晚宴正式開始,悠揚的樂曲飄向我們身邊,帶着宴會廳中熱鬧的氛圍,稍微緩和了這邊凍死人的氣氛,萊伊減弱呼吸,瞄準了任務目标。
我舉起望遠鏡随時觀察着,若任務出現失敗,他該如何...
砰。
隻一聲,目标的腦袋瞬間消失不見,取而代之的是濺落滿牆滿地的猩紅血迹。尖叫,慌張,補救的聲音都被消去,我似乎在看一場上世紀的默劇,滑稽的上演着。
萊伊收拾好了東西,奪走了我的望遠鏡。
“沒給你丢臉?”
我不滿他動作,剛要咋舌,這家夥便背起吉他箱,側過臉問我,月光落他臉上,好似灑在悠揚的山脈,順暢又肆意,我似乎從他臉上看到一絲得意的意味。
“嗯,表現不錯。”
萊伊聽我誇贊,垂眸輕笑,點起支煙,我剛要上前讨要,他便先一步遞給了我,又轉過身微微彎下腰,凜冽的寶石綠眸子看向我,倒映着我剛剛燃起的火。

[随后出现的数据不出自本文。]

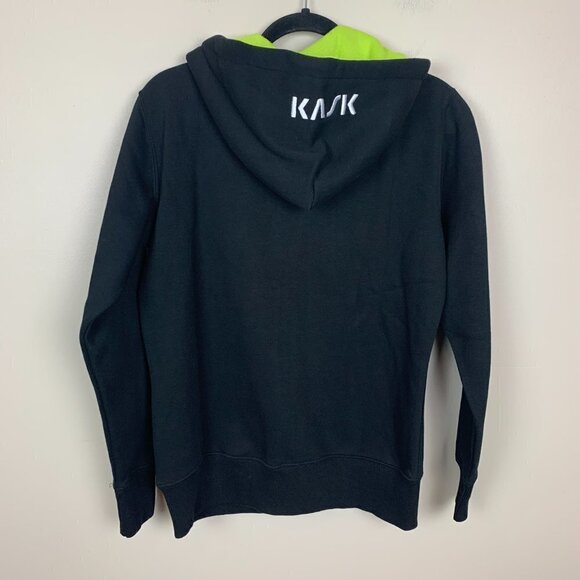 KASK Equestrian Black & Neon Green Zip Up Hoodie - Size Large - NEW - Picture 5 of 8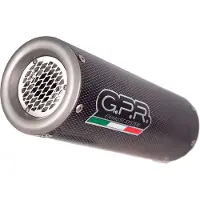 Gpr Exhaust Systems M3 Poppy Mv Agusta Brutale 750 S 00-06 Ref:mv.1.m3.pp Stainless Steel Gehomologeerde Slip On Uitlaatdemper
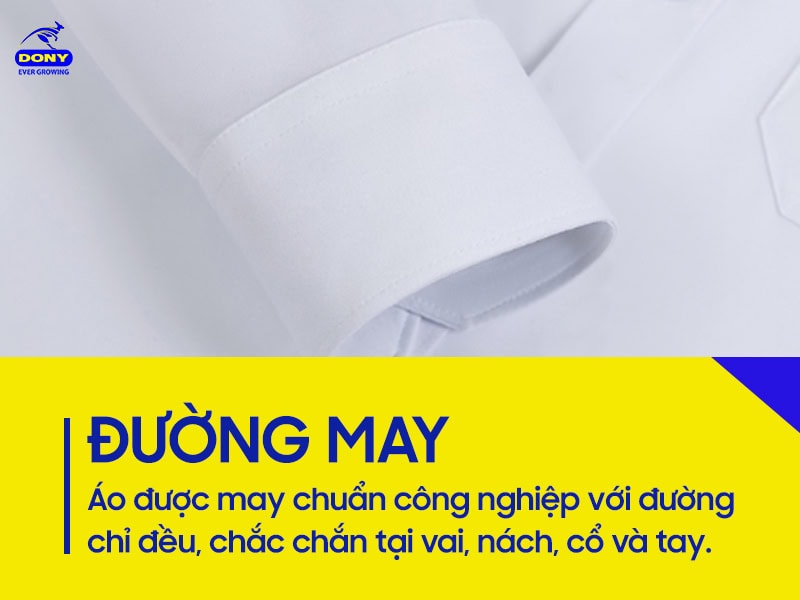 May kỹ từng chi tiết, đảm bảo tính thẩm mỹ và độ bền.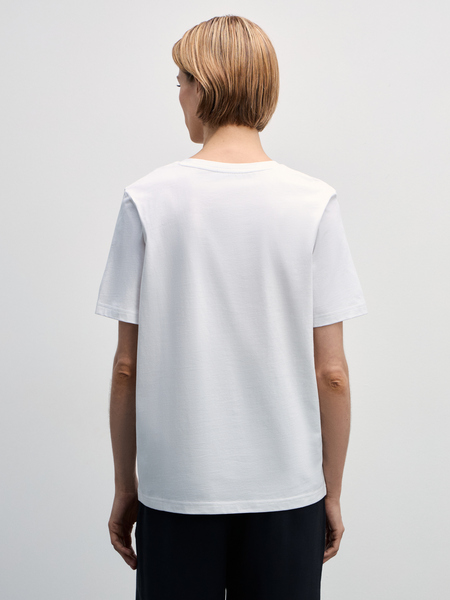 футболка женская Zarina W_REGULAR2-1, размер L (RU 48), цвет белый футболка женская, W_REGULAR2 - фото 5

“那幫我也點下煙。”他擡眼看我,神情緩和,咀嚼着身後月色,“老師。”
月色落在山間,落在凄寒,落在猩紅的血中,落在消音的慌亂,落在微弱的火光之上。
“走了。”
晚宴廳的騷亂才剛開始,我和萊伊已經走上了回程的路。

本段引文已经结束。